Before meeting Marlene I'd struggled with my mind for over 10 years. I'd had some counselling, tried medication and been put in front of a psychiatrist but nothing really stuck and I was convinced I'd always be a little bit 'mad' and a little bit 'sad'. In the middle of 2016 I really hit a low point. Although I was doing my dream job and I liked the work, the environment and the people were slowly driving me into a deep depression and I piled on weight, became really angry, and I wasn't very nice to be around. I was permanently on edge too, and spent most of my time thinking about the worst case scenario for everything. It was exhausting and my brain, although it's always been active, had never been so noisy.

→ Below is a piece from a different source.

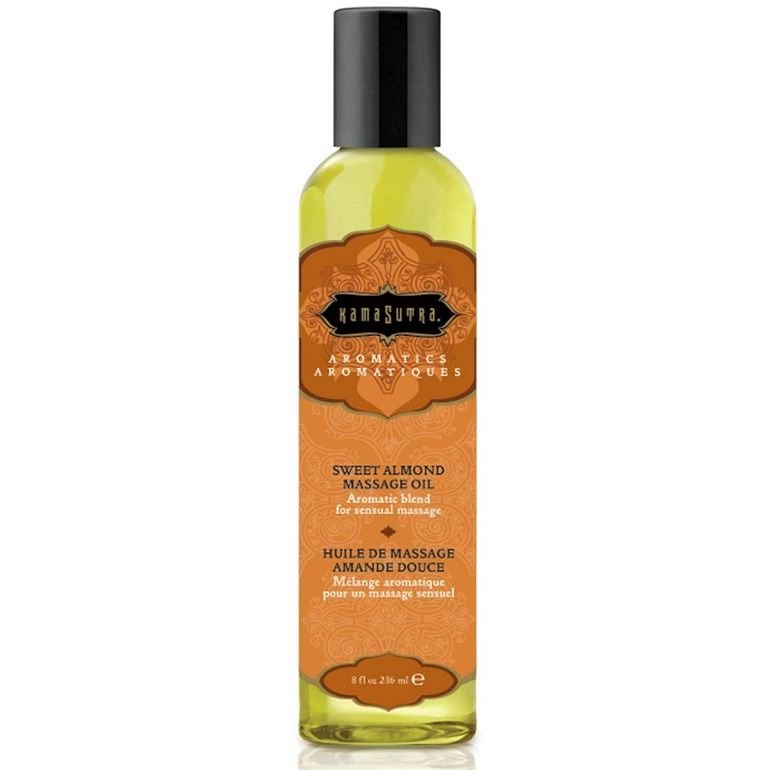 KAMASUTRA - ACEITE DE MASAJE ALMENDRA DULCE 236ML - Aceites con Sabores - El Arte del Placer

In the summer of 2016 I started taking anti depressants and these helped to level me out and allow me to sleep and function better, but I was still treating my emotions and feelings with food, booze and spending money on things I didn't need. In short, I was behaving in extremes. From unhealthy relationships and crazy fitness and diet regimes that couldn't last, to going out and spending hundreds of pounds on a night out, or eating several packets of biscuits, I felt completely out of control, which was perpetuating my anxiety.
Eventually, I began to feel like I was becoming dependant on my medication to feel level and that was something I really didn't want. Work was getting worse and worse by the day, and my Mum started to notice changes in my mood and behaviour when I had forgotten to take my medication. Both of us were really concerned by this and I realised I had hit rock bottom and something had to change.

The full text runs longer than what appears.